The primary source of those funds would be economies within other budget accounts, according to council member David L. Erickson.

“I want to pre-thank the various departments that are going to be donating portions of their budgets,” Erickson explained. “We appreciate that.

“One of the things that I was concerned about is that … line about ‘for the purpose of keeping up with inflation.’ When I read that, it bothered me. When inflation starts, that’s often the best time to tighten things up.

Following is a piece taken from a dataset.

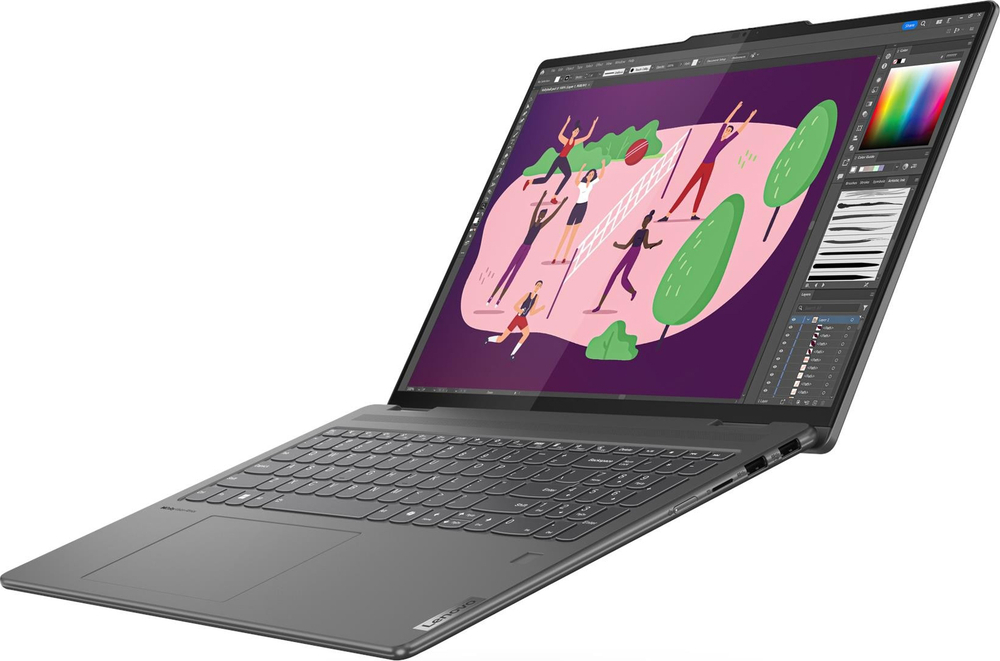 Ноутбук Lenovo Yoga 7 2-in-1 16IML9, 16'', Storm Grey, KB RUS/ENG, Power Cord EU (83DL0002US) в регионах России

We shouldn’t raise taxes just because of inflation.”

Worthen acknowledged, however, that inflation will be a factor in the county’s 2022 budget.

“I think we’re going to see a lot of inflation next year,” she added. “And our citizens are going to appreciate that we did not raise our property tax, especially with the recent rise in housing evaluations.”

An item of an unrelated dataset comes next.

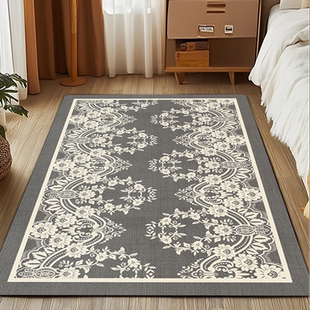 【全尺寸】法国蕾丝花边地垫大别墅入户门防滑吸水满铺地毯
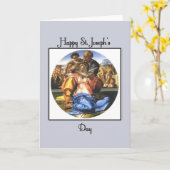 Blauen glücklichen St Joseph Tag Karte (Gelbe Blume)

While the state Truth-in-Taxation statute does not technically limit property taxes, it does require local officials to notify their citizens of proposed property tax increases and hold announced forums to hear public responses.

That statute is revenue-driven rather than a rate-driven system, according to the Utah Taxpayers Association.

As the value of existing property increases to keep pace with residential and commercial markets, property tax rates generally decrease.

Such automatic reductions in property tax rates keep local governments from getting a revenue windfall simply because the value of existing properties within their boundaries have increased.

Those reduced property tax rates are known as the certified tax rates.

Thanks to the Truth-in-Taxation law, local governments must go through its mandated notification and hearing process if they want to exceed the certified tax rate for their residential and commercial properties.